Major Dundee | 1965
Sam Peckinpah's ambitious second feature film was filmed in Mexico, primarily at the familiar Durango Western location, with some interiors filmed in Mexico City's Churubuscu Studios. It was plagued by problems, most famously the friction between stars "square" Charlton Heston and "reckless" Richard Harris, although this might actually have played into the characters' onscreen conflict.
Less publicised were the difficulties with locations. Relatively inexperienced in large-scale features, Peckinpah chose locations himself without regard to the practicalities involved in reaching and filming in difficult places. The varied landscapes do add enormously to the sweep of the film but at a cost.
Often described as "Moby Dick on horseback", the film begins on a similar note as John Ford's The Searchers as ambitious, single minded Major Dundee (Heston) vows to avenge a massacre and to bring back three children who were abducted.
Apache chief Sierra Charriba, who has been terrorising a large area of 'New Mexico', wipes out a company of the 5th United States Cavalry. For the aftermath of the carnage, seen during the opening credits, the Rostes ranch, supposedly in "southern New Mexico" was built at La Marquesa National Park, 25 miles southwest of Mexico City.
The quest of Dundee and his mismatched band to follow Charriba was filmed at various places in Morelos state, south of Mexico City, including Cuautla; Tequesquitengo and Tehuixtla.
Exhausted and needing supplies and horses, Dundee's men raid the camp of Napoleon III's invading French forces. Afterwards, they relax and tend their wounds by a large pool fed by three waterfalls. These are El Saltito waterfalls pouring into the crater of an extinct volcano, 11 miles from the city of Nombre de Dios, along the Durango-Mexico highway.
If you're intending to visit, try to aim for a rainy season – or just after – to see the waterfalls in full force. The spot is also featured in 1971 John Wayne Western Big Jake.

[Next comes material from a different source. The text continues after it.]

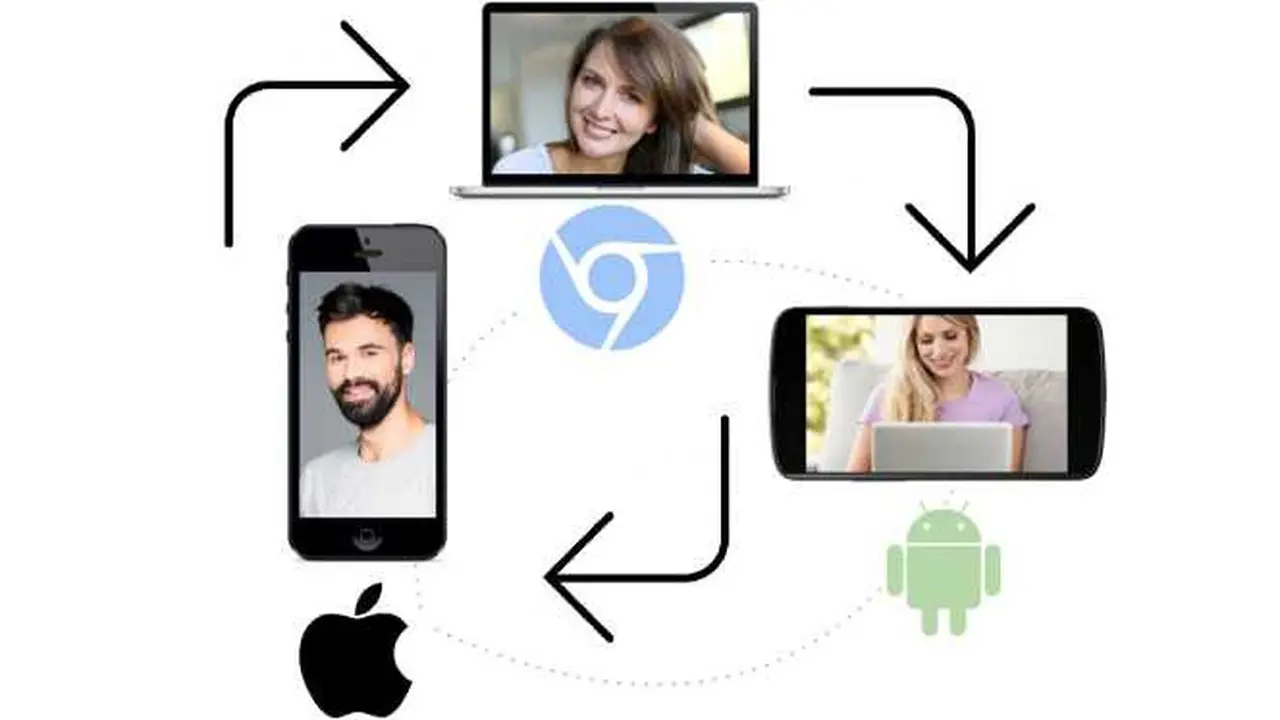 Teknologi WebRTC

It's here that Dundee is wounded by an arrow. After an extended sequence of his recovery in Durango, he returns to join the troop hot on the trail of Charriba. They come across one of his campsites where he's left a taunting message for them in a scene is dominated by a trio of rounded peaks. These mountains overlook the town of Tlayacapan, in the northeast part of Morelos state, 37 miles east of state capital Cuernavaca.
They can be seen west from Hwy 113 a couple of miles north of Tlayacapan, a popular day trip destination for some Mexico City residents, which was used the site of the final 'Bolivian' shoot-out at the end of Butch Cassidy and the Sundance Kid (1969); as well as being seen in Don Siegel's 1970 Two Mules For Sister Sara, with Shirley MacLaine and Clint Eastwood, and Oliver Stone's Salvador (1986), with James Woods. The classic 1960 Western, The Magnificent Seven, was also filmed in the area.
The sudden dispatch of Charriba comes as a bit of an anticlimax but the real battle is now against the French troops out for revenge, which was filmed on the Río Balsas (also known as the Mezcala River, or Atoyac River), north of Chilpancingo, capital of Guerrero state.